L'affiche du spectacle "Normalito" au Théâtre Am Stram Gram. [amstramgram.ch]
Théâtre: Normalito / Vertigo / 4 min. / le 25 février 2020
Au Théâtre Am Stram Gram de Genève, voici jusqu'au 3 mars, un drame d'amour sur fond de différences de classes et de sexe à partir de 11 ans. Osé? Le jeune public applaudit à tout rompre.

Pas content, Lucas. Une rage à la hauteur de ses 11 ans. Il a la bouille contrariée du comédien Antoine Courvoisier, crédible malgré sa taille de jeune adulte. C'est quoi ton problème Lucas? D'abord, la maîtresse a refusé sa proposition de "Normalito, le superhéros qui rend tout le monde normaux" (sic). Ensuite, le voici collé pour avoir déclaré qu'il n'y avait plus personne de normal dans sa classe: tout le monde est désormais "différent", "singulier", "spécial".

Lucas s'y sent le seul normal, donc nul, quelconque et sans intérêt, dans un environnement où tout le monde a quelque chose de plus à son cv: surdoué, handicapé, enfant d'immigré, rejeton de parents divorcés, orphelin, allez savoir! Lucas a ses deux parents, plutôt bobos classe moyenne, et strictement rien à raconter.

Lucas boude, assis sur le trône.

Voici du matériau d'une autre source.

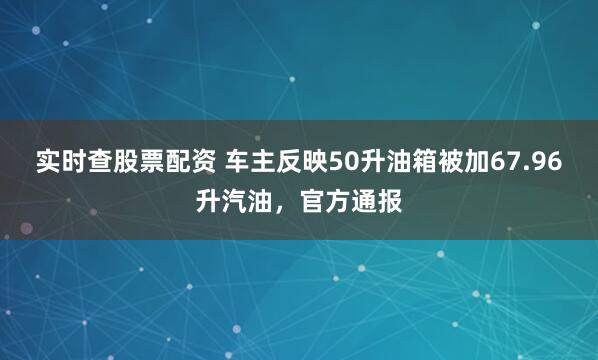 实时查股票配资 车主反映50升油箱被加67.96升汽油，官方通报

Il maugrée dans les toilettes de l'école jusqu'à ce qu'Iris, alias la comédienne Pauline Belle, vienne le chercher. Une particulièrement spéciale, celle-là: surdouée avec des couettes à la Greta, elle s'occupe de toute l'administration de ses parents, des Balkaniques à la cool. Entre elle et Lucas, ça ne peut pas marcher. Trop de contraires. Et bien sûr, c'est précisément ces contraires qui vont les attirer. Plus un amour réciproque pour les parents de l'autre. A Lucas les soirées pizza-télé-matchs de foot! A Iris, les discussions argumentées sur l'environnement en picorant des sushis bios!

Une scène du spectacle "Normalito". [http://www.amstramgram.ch/ - Ariane Catton Balabeau]

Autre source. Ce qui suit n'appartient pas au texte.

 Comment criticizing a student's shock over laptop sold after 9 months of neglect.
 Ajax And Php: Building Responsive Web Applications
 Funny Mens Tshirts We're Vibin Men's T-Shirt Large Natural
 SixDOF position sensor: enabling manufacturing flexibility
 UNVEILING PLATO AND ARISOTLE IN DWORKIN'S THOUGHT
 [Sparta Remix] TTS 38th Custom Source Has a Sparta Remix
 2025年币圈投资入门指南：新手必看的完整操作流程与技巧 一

Histoire d'amour et d'humour

Avec "Normalito", la metteuse en scène et dramaturge Pauline Sales brode une histoire d'amour et d'humour sur fond de différences sociales. En comparant normalité et singularité, "Normalito" s'aventure cependant bien plus loin que le préau de l'école et le salon de papa-maman. Lucas et Iris fuguent, quittent les wc de leur école (un lieu de rendez-vous qui en vaut bien un autre) pour se retrouver… aux toilettes publiques de la gare. Ils y croisent Lina, une drôle de dame avec une grosse voix et une poitrine en devenir, incarnée par le comédien Anthony Poupard .

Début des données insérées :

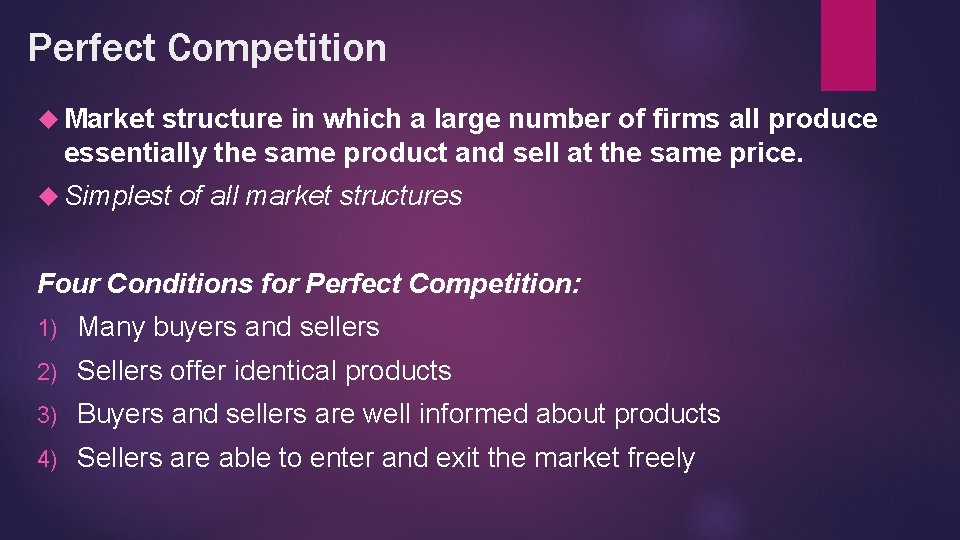 Perfect Competition Market structure in which a large number of firms all produce essentially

On n'est plus dans la lutte des classes, on baigne dans un drame glamour, une espagnolade façon movida madrilène, avec secret de famille, fringues bigarrées, mariage contrarié, réconciliations inespérées et tapis de violons romantiques. Du Pedro Almodovar pour les 11 ans! Avec au passage une allusion à l'apparition des premières règles.

Pari risqué, pari réussi. Dans la salle du Théâtre Am Stram Gram, emplie jusqu'aux derniers rangs de classes d'école primaire, on entend les mouches voler. Ecoute maximale et soulagement général au baiser final, plus des applaudissements à tout rompre au moment des saluts. Quand le théâtre ne prend pas les enfants pour des pives et leur parlent à hauteur des discussions du préau, ça fait mouche et ça touche.

Thierry Sartoretti/ld

"Normalito" au Théâtre Am Stram Gram de Genève jusqu'au 3 mars 2020.